:: Action item ::
Go to the line with "50PCS Metal Car" in the entries below and write out every line from there through the line with "Generico Inspire Bracelet", exactly and without pictures.

:: Records ::
=== Section Start ===

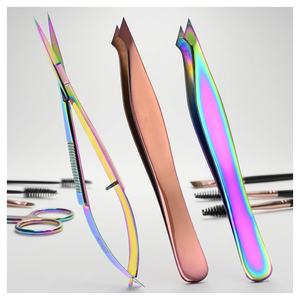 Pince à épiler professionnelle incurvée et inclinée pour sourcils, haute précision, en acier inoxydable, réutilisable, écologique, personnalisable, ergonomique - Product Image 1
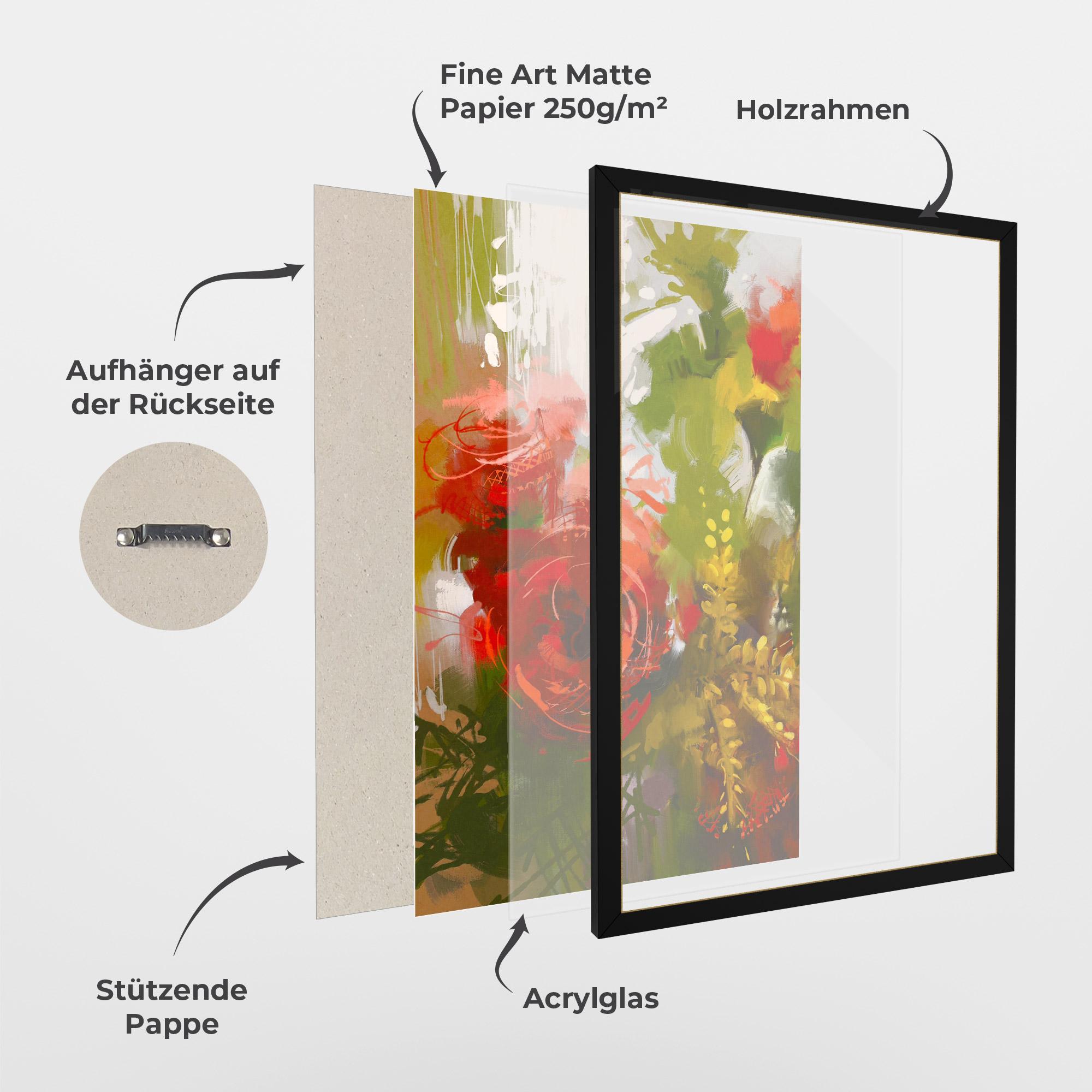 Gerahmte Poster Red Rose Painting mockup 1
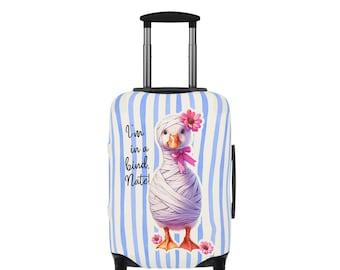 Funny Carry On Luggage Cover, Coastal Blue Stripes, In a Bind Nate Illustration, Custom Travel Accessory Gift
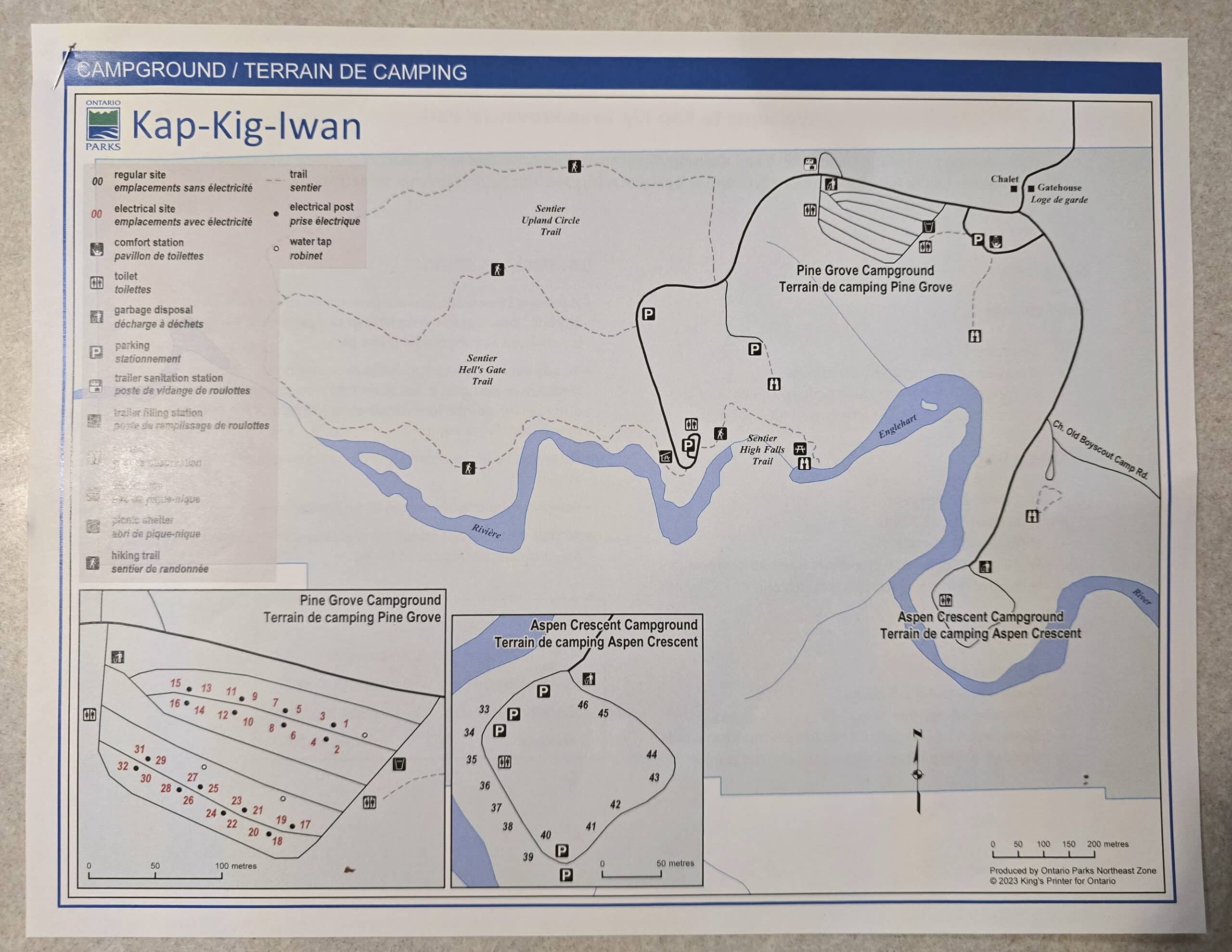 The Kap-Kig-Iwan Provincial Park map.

=== Section End ===
=== Section Start ===

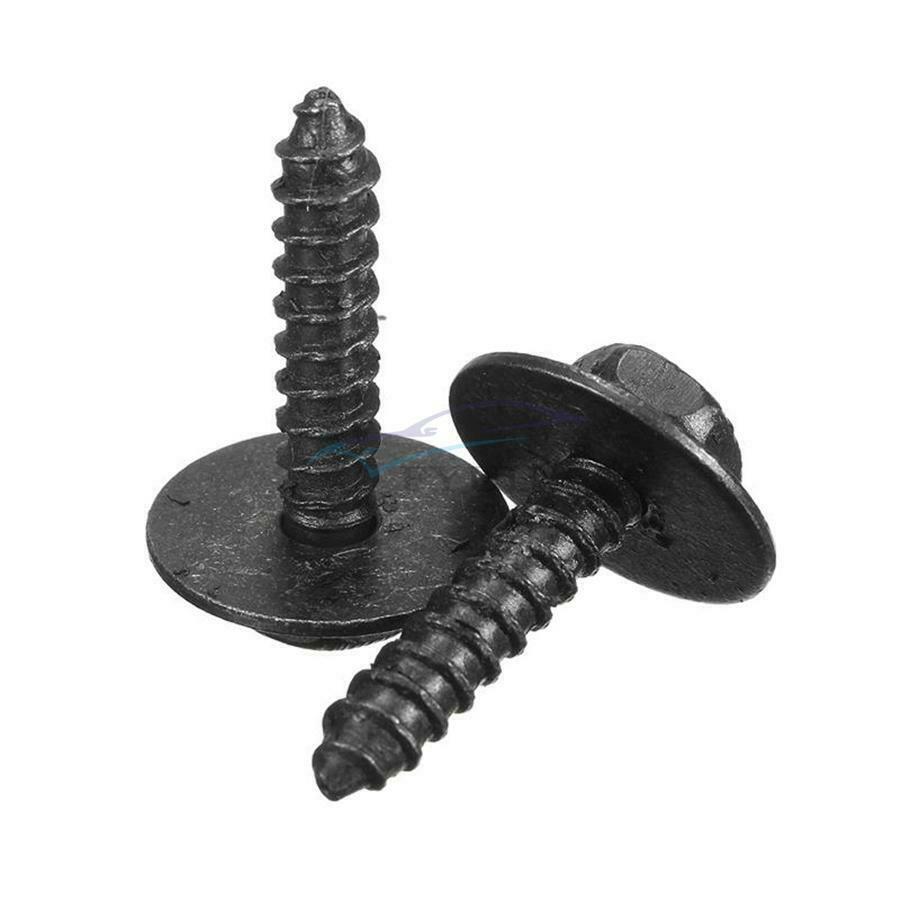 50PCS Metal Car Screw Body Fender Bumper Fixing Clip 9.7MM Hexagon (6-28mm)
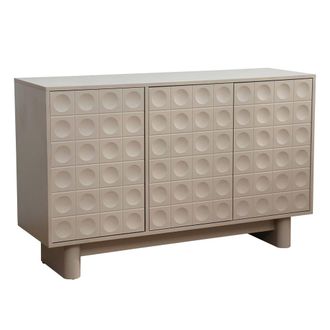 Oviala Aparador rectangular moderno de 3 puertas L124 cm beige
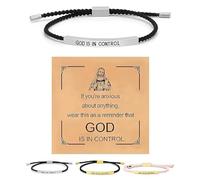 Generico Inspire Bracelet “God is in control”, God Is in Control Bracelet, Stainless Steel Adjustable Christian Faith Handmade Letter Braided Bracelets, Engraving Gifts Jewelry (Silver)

=== Section End ===

:: Exercise result ::
 50PCS Metal Car Screw Body Fender Bumper Fixing Clip 9.7MM Hexagon (6-28mm)
 Oviala Aparador rectangular moderno de 3 puertas L124 cm beige
 Generico Inspire Bracelet “God is in control”, God Is in Control Bracelet, Stainless Steel Adjustable Christian Faith Handmade Letter Braided Bracelets, Engraving Gifts Jewelry (Silver)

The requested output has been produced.